Problem statement:
Everything from the line containing "casio edifice efv 640d 2av" through the last line of the data below is to be retyped exactly, apart from the pictures.

Given information:

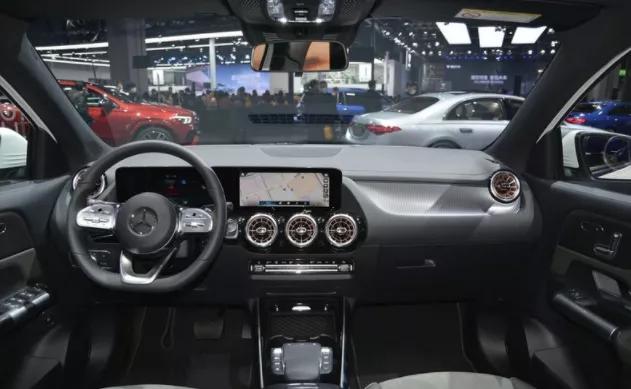 广州车展上我被这些电动车的价格吓了一跳，还以为是燃油时代？？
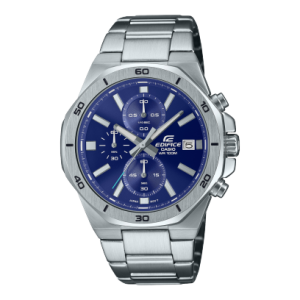 casio edifice efv 640d 2av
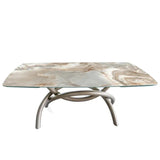 Azzurra Dining Table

Result of the exercise:
 casio edifice efv 640d 2av
 Azzurra Dining Table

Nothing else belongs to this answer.